Thanks for the warm welcome everyone.
Rach, I'm not an AFL fan, NRL is my style!! Go the Cowboys!! lol
And yes I am talkin about cars, but I'm talkin old style like build before I was born. The WB is the 80-84/5 model of for example the commodoore ute. Their great utes and easy to work on. Mine has a pink chassis and the cab is soon to be painted black. It's a work in progress.
Here's another one about FORD's - Fixed Or Repaired Daily.

So how many Aussie's are actually on here?

This is my filly Buttons









She's a little champ.

This is Honey and Blinky. Honey is my best broodmare due to an injury and Blinky is my partner.

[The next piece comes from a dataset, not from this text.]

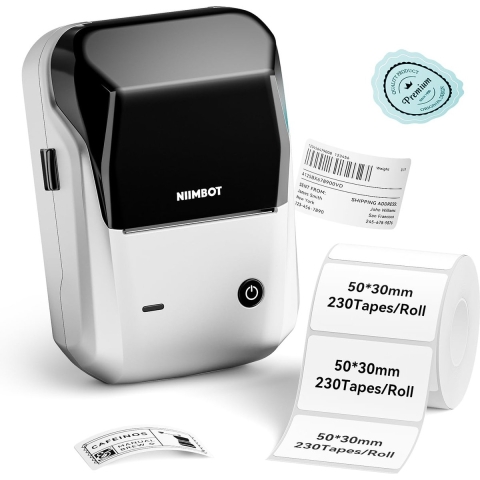 Niimbot B1 Labelprinter - Zwart - bluetooth - printbreedte 25-50mm - direct thermisch - 203dpi - 1500mAh
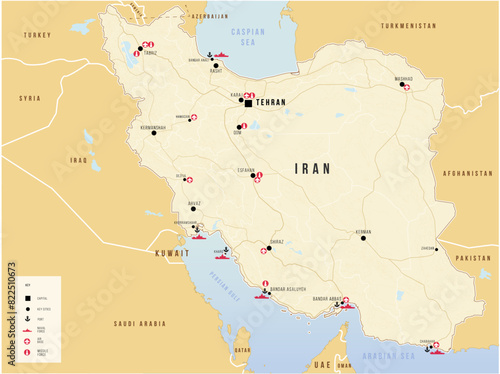 Iran map with military bases and neighbor countries.
Vector map illustration. Geopolitical set concept.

Ain't they both so cute! lol.

And this is me on my stallion Joe, not the best pick of us both but you get that! lol


----------



## Rachluvshorses4eva (Apr 11, 2007)

Awwww. She's cute. Well, actually there are quite a few Aussies on here as well. I made up another one about ford but I don't no if I should say it, because someone said not to. :evil: 
And go footy!


----------



## meggymoo (Mar 10, 2007)

Wow, you have some nice horses! :wink:


----------



## Friesian Mirror (Jan 11, 2007)

Hello and Welcome!! I'm a Ford girl all the way, but those sayings are really funny 8)


----------



## Miss Twisty (Apr 23, 2007)

Thanks for the warm welcome everyone. 
Those horses are only 3 of something like 29... I think thats the right number!
Friesian Mirror- I'm full of them kinda comments! lol. I'm always in trouble for being smart :roll:


----------



## giget (May 24, 2007)

welcome ms twisty. go australia iv only ran into a few australians on here but there all nice cute horses


----------



## [email protected] (Dec 8, 2006)

Hi i'm another Aussie! Welcome

i like your horses Buttons is really cute! I used to part own a mare called buttons i think it's the cutest name!hehe


----------